**DATA RECORDS**
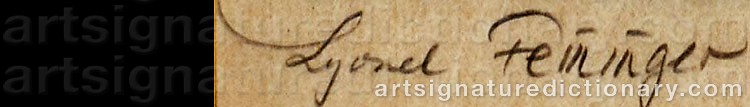 Signature by Lyonel FEININGER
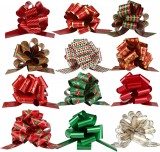 Set de 12 fundite pentru Craciun Naler, folie, multicolor, 18 x 10 cm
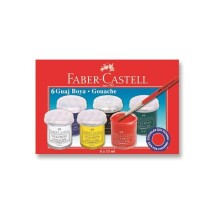 Faber Castell Guaj Boya Seti Red Line Kavanoz 15Ml 6Lı N:5170160400 - Faber Castell (1)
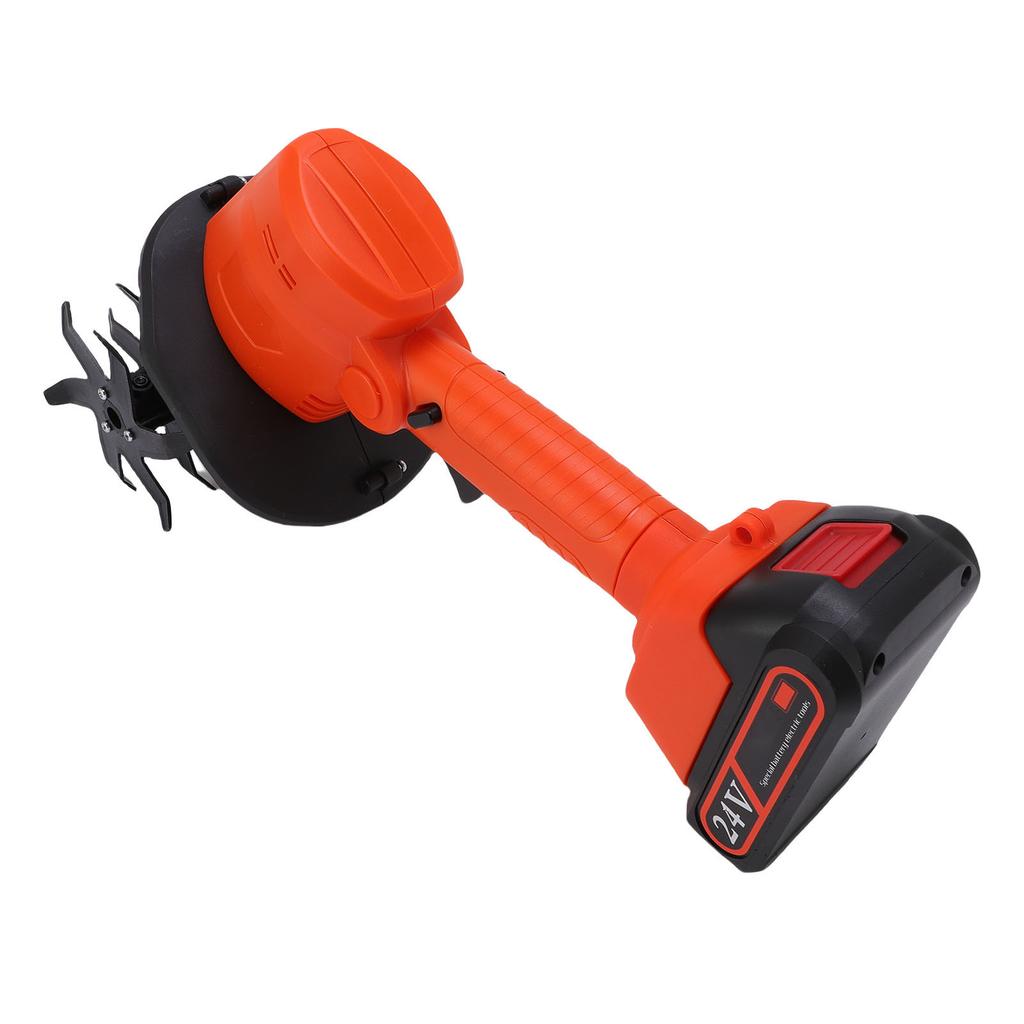 Cordless Tiller Cultivator Battery Powered Garden Cultivator Mini Tiller for Weeding Battery Charger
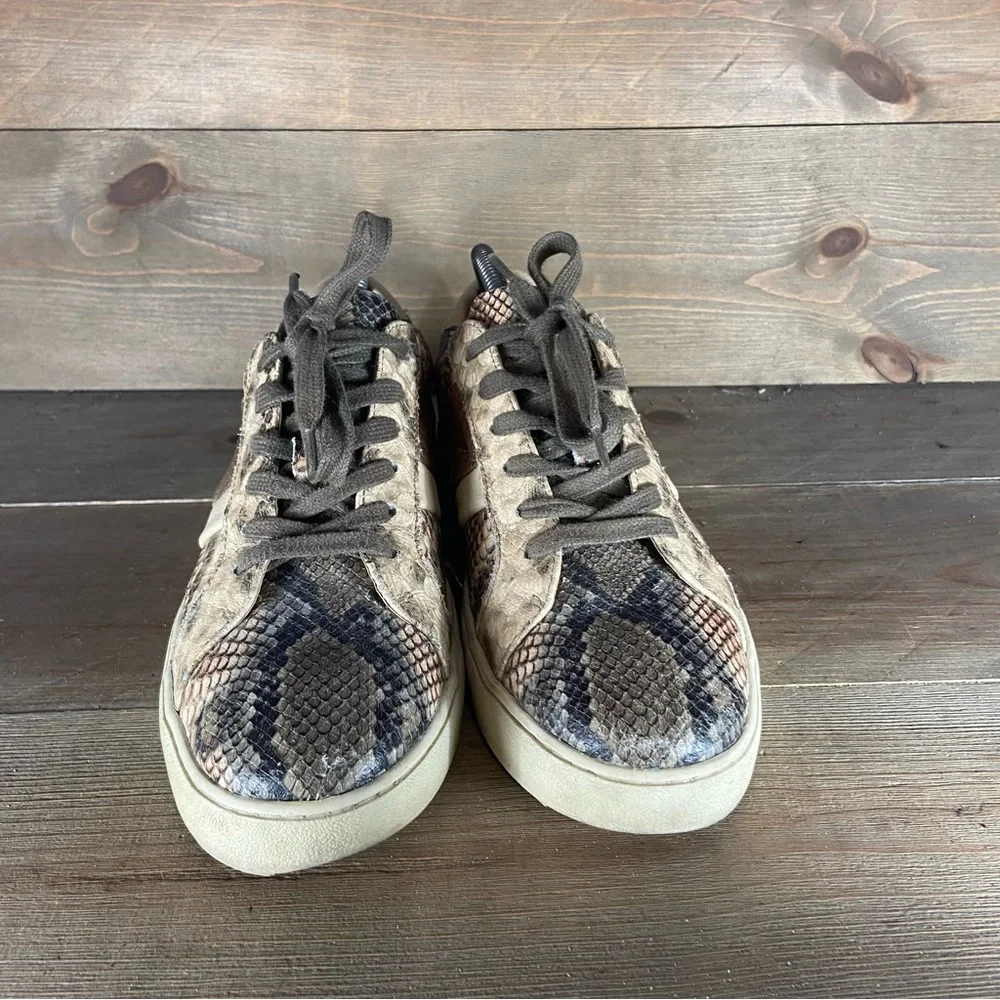 Frye and co hallie Womens size 9 shoes brown leather low top comfort sneakers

**PROBLEM REQUIREMENTS**
Reproduce exactly the lines above from the one with "Cordless Tiller Cultivator" through the last line of the data, keeping both ends and dropping the pictures.

**YOUR RESPONSE**
 Cordless Tiller Cultivator Battery Powered Garden Cultivator Mini Tiller for Weeding Battery Charger
 Frye and co hallie Womens size 9 shoes brown leather low top comfort sneakers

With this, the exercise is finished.